2023-10-04
Show that if $\mathbf{u} \perp \mathbf{v}$ and $\mathbf{C}(A)=\{\mathbf{u}, \mathbf{v}\}$ then
$$ A(A^TA)^{-1}A^T\mathbf{b} = \mathbf{u}\frac{\mathbf{u}^T\mathbf{b}}{\mathbf{u}^T\mathbf{u}} + \mathbf{v}\frac{\mathbf{v}^T\mathbf{b}}{\mathbf{v}^T\mathbf{v}} $$
In other words, show that given an orthogonal basis of a subspace, projecting some vector $\mathbf{b}$ onto that subspace is the same as adding together the projections onto the subspaces spanned by each individual basis vector (note: each of the subspaces is a line).
Proof start:
$$ \begin{aligned} A^TA & = \begin{bmatrix} \mathbf{u}^T\mathbf{u} & \mathbf{u}^T\mathbf{v} \\ \mathbf{v}^T\mathbf{u} & \mathbf{v}^T\mathbf{v} \end{bmatrix} \\\\ & = \begin{bmatrix} \mathbf{u}^T\mathbf{u} & 0 \\ 0 & \mathbf{v}^T\mathbf{v} \end{bmatrix} \end{aligned} $$
Remember, $\mathbf{u} \perp \mathbf{v}$, so $\mathbf{u}^T\mathbf{v} = \mathbf{v}^T\mathbf{u} = 0$. This is the critical fact which cleans up the inverse of that matrix product, otherwise we would be left with a mess.
Note that this is only true if the basis vectors are orthogonal.
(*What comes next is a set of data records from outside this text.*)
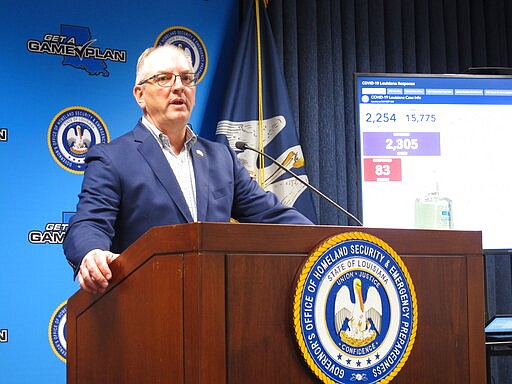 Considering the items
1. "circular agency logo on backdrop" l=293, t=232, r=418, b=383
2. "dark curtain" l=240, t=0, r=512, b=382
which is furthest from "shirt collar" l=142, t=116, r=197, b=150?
"dark curtain" l=240, t=0, r=512, b=382

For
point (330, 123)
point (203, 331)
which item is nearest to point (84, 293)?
point (203, 331)

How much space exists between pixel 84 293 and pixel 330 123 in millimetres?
2649

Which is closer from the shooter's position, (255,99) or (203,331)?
(203,331)

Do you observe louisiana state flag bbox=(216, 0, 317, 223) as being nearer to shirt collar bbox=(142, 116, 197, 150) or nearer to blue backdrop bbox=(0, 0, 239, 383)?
blue backdrop bbox=(0, 0, 239, 383)

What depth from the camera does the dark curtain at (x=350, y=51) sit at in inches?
163

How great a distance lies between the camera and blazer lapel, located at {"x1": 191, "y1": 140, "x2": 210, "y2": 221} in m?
2.24

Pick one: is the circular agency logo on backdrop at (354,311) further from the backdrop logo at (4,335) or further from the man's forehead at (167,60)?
the backdrop logo at (4,335)

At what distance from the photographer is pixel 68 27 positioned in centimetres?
369

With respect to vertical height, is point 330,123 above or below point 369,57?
below

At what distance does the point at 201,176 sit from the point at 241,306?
3.27 ft

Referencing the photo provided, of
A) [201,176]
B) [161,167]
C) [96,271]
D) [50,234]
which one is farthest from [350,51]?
[96,271]

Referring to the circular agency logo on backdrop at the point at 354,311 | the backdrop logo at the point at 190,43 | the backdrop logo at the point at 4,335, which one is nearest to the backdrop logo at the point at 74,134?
the backdrop logo at the point at 190,43

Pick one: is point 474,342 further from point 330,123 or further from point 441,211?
point 330,123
Imagine two basis vectors that span a plane which are almost colinear. Then, the sum of the projections onto each subspace spanned by the individual basis vectors (the lines) would be almost double in magnitude that of the actual projection onto the plane spanned by the two vectors.
This is a $2\times2$ matrix, so finding the inverse is easy.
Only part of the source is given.